■ **Problem details**: Once the line with "Apple iPhone 14 Pro 4" is found, repeat it and all later lines exactly through the end of the listing below, with the pictures left out.

■ **Given material**:
____________________

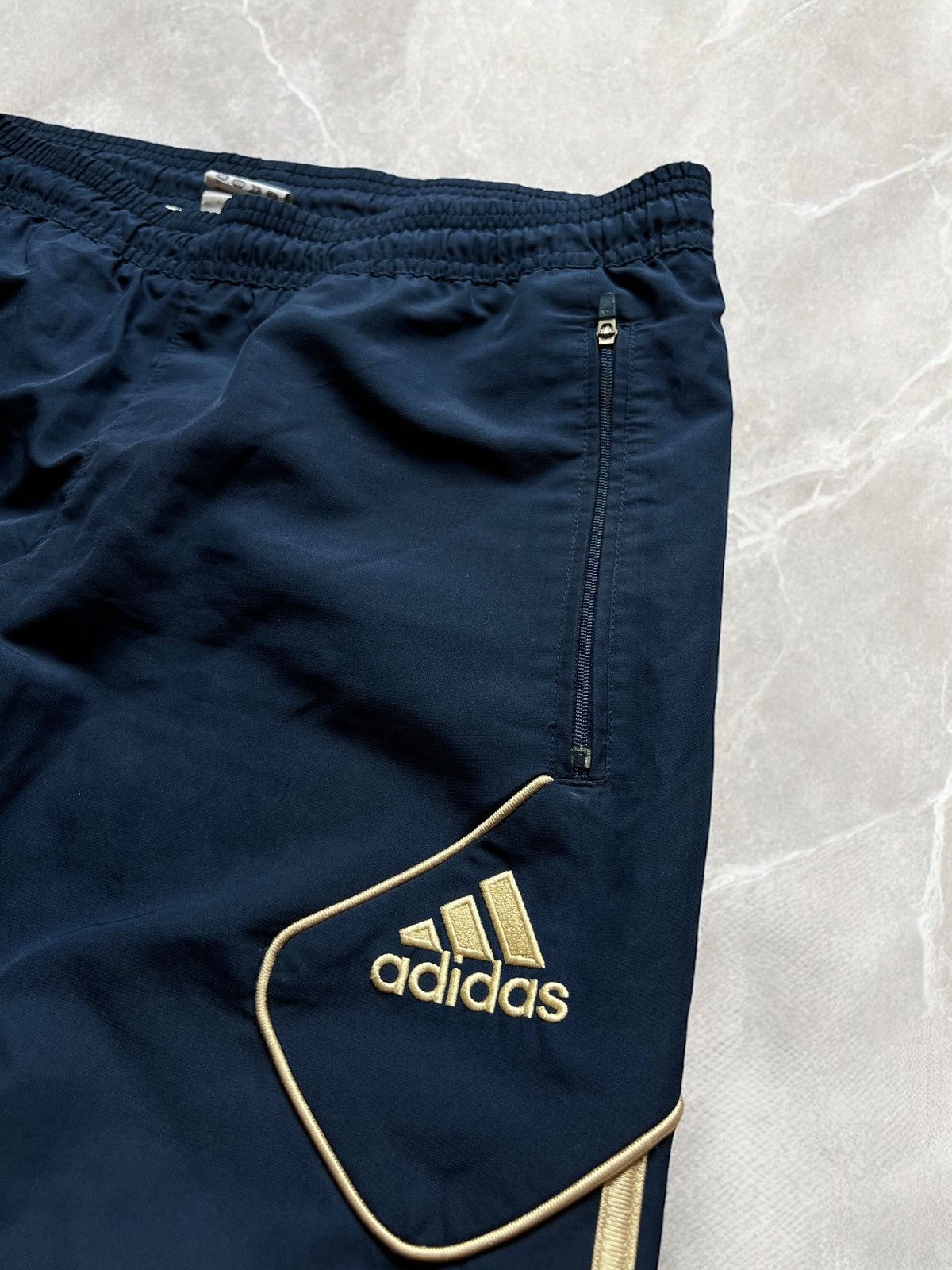 Adidas × Chelsea Soccer ADIDAS CHELSEA 2012 SOCCER TRACK PANTS GOLDEN STRIPE VINTAGE Size US 32 / EU 48 - 4 Thumbnail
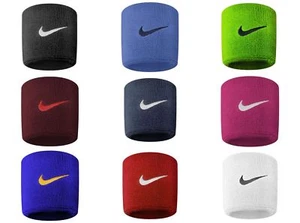 Nike Swoosh Tennis Football Sport Felpa Set di 2 Bracciali Stretch Ufficiali - Foto 1 di 23
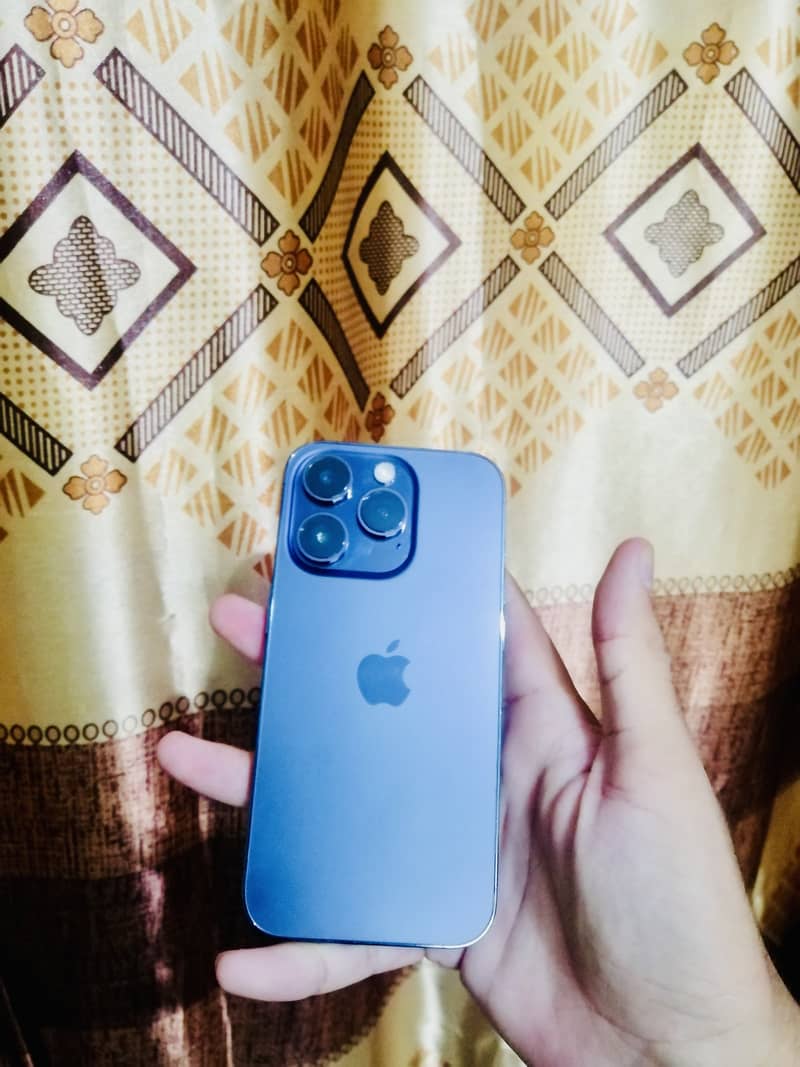 Apple iPhone 14 Pro 4
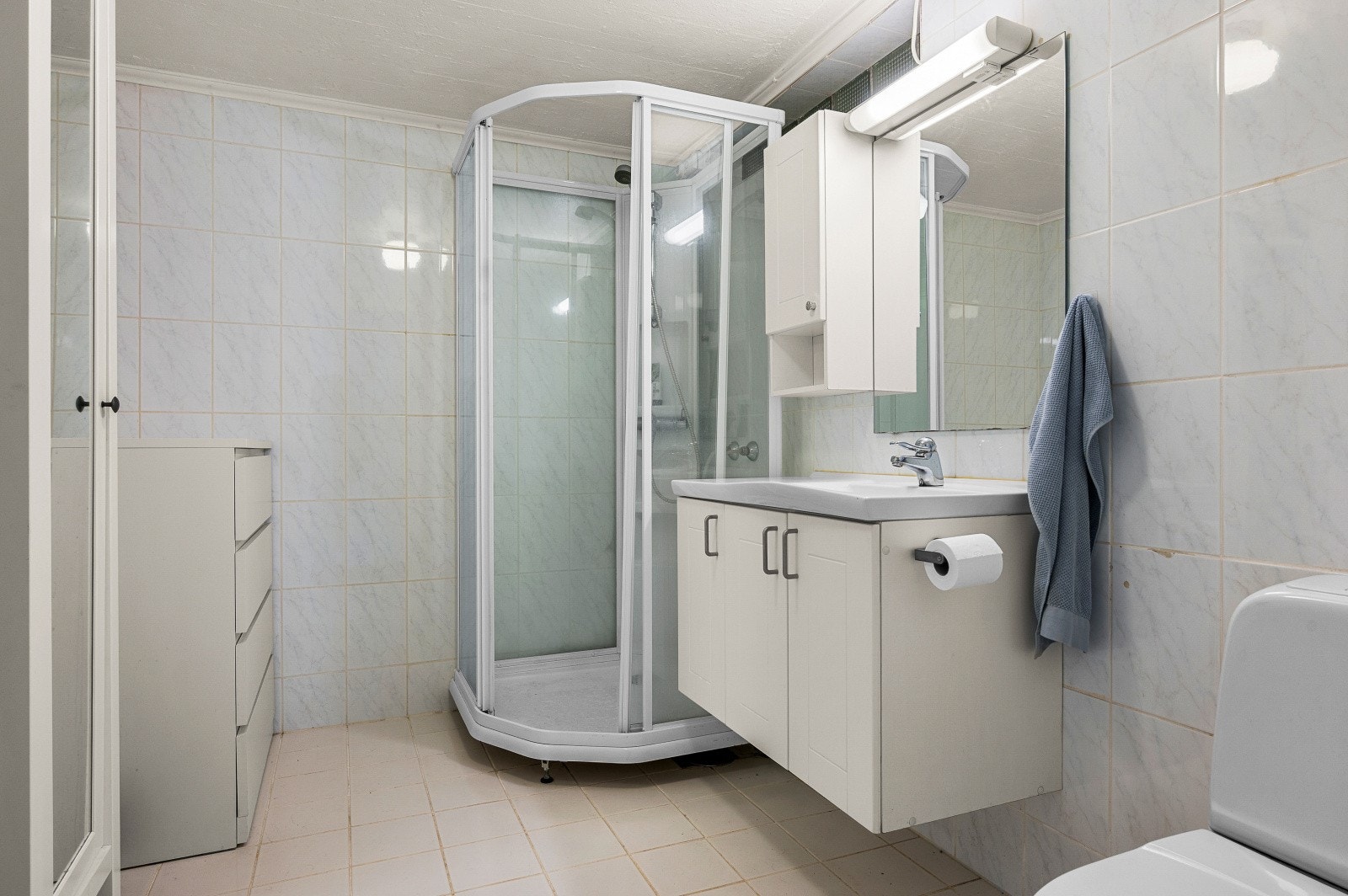 Baderom i sokkelleiligheten er utstyrt med flislagt gulv, dusjkabinett og servantskap. Badet er ikke godkjent. Se pkt. ferdigattest. Galleribilde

____________________

■ **The completed task**:
 Apple iPhone 14 Pro 4
 Baderom i sokkelleiligheten er utstyrt med flislagt gulv, dusjkabinett og servantskap. Badet er ikke godkjent. Se pkt. ferdigattest. Galleribilde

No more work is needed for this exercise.